If your credit could use some work, however, it’s best to wait to refinance until you’ve improved your score. Check your credit report for any errors, such as incorrect contact information — and if something’s amiss, contact the credit reporting agency as soon as possible to get it fixed. If you can, pay down or pay off other debt, and continue to make credit card and other loan payments on time each month.

What are your financial goals?

Think about the financial goals refinancing can help you achieve, such as paying off your mortgage sooner, liquidating some of your equity with a cash-out refinance or consolidating debt.

Will the ARM refinance help you toward your specific goals? For example, while a cash-out refinance increases the amount you owe, you’ll be able to use the funds for home improvements or other expenses.

How long do you plan to stay in the home?

When refinancing adjustable rate mortgage loans, time matters.

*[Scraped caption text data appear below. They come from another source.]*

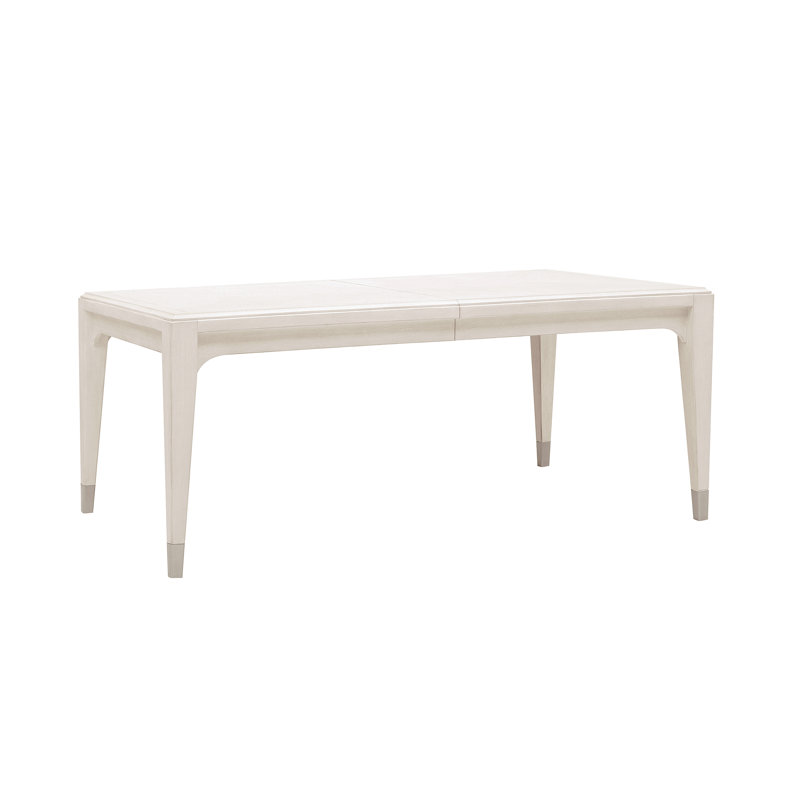 Beige and White Extendable Wood Rectangular Dining Table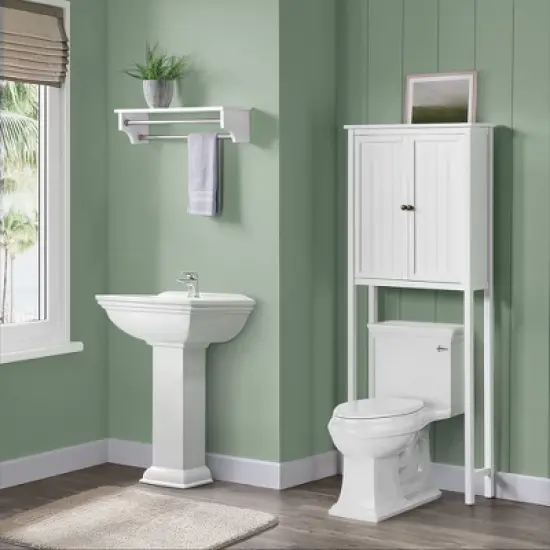 Dover Over the Toilet Hutch Bathroom Shelf with Two Doors and Two Towel Rods White - Alaterre Furniture image {1}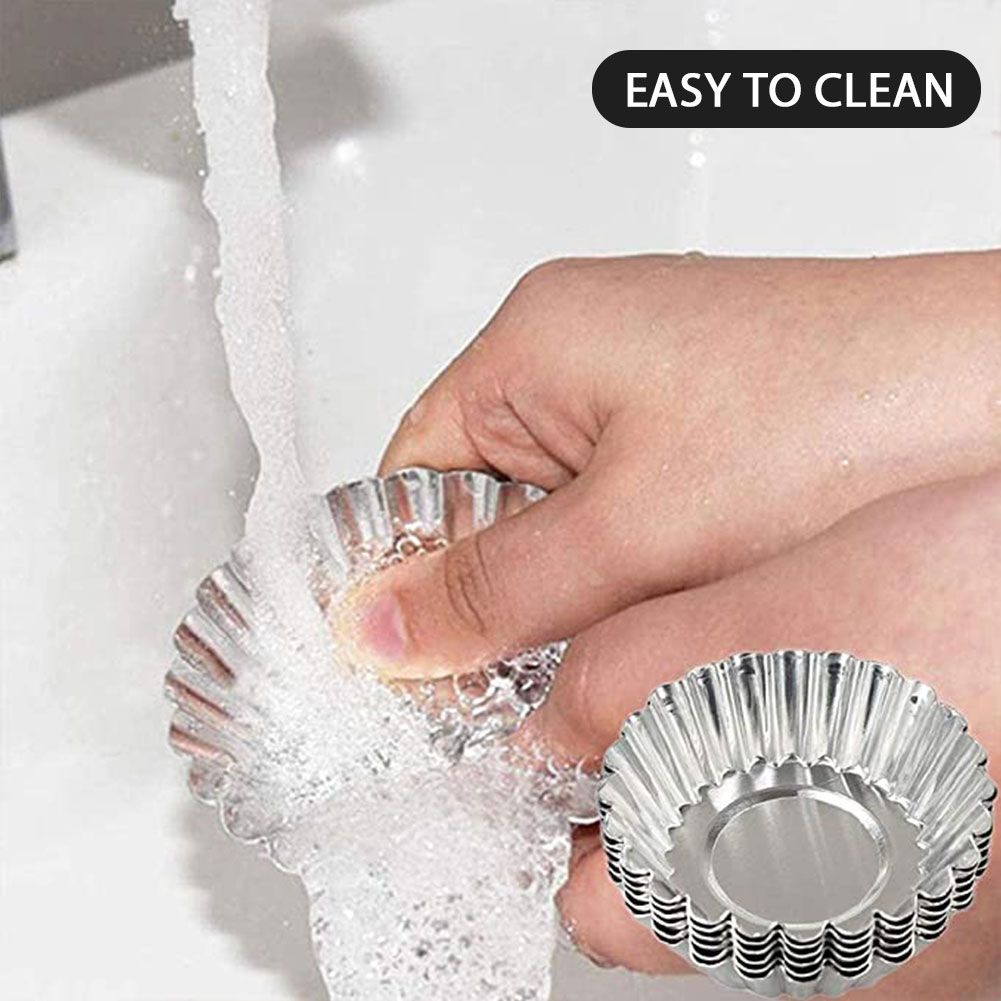 20Pcs Egg Tart Molds Mini Aluminum Cake Muffin Moulds Tins Pans Non Stick Cupcake Cake Moulds Kitchen Reusable Baking Tools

If  you have no intention of moving or selling your home anytime soon, choosing to refinance an ARM to a fixed fixed-rate mortgage can be a smart decision. If a move is on your near-term horizon, however, it’s likely not worth the cost to refinance.

For example, if you’d save $100 on your monthly mortgage payment by refinancing, and the closing costs are $2,000, it’d take you 20 months, or close to two years, before you really start to see savings. Bankrate’s mortgage refinance break-even calculator can help you run the numbers for your situation.

“If you’re only looking at being at home for three or four more years and you have four years before it resets, and a new loan is not at least three-eighths of a basis point lower than your current rate, you might as well stay in your ARM,” advises Ralph DiBugnara, founder of Home Qualified, a digital resource for homebuyers and sellers. “There’s no financial benefit to move forward into a fixed rate.”

The bottom line on refinancing an ARM into a fixed-rate mortgage

Ultimately, can you refinance an ARM loan? Absolutely. But the ARM refinance only makes sense if it helps you toward your specific financial goals. Compare rates and crunch the numbers to see if refinancing your adjustable rate mortgage is right for you.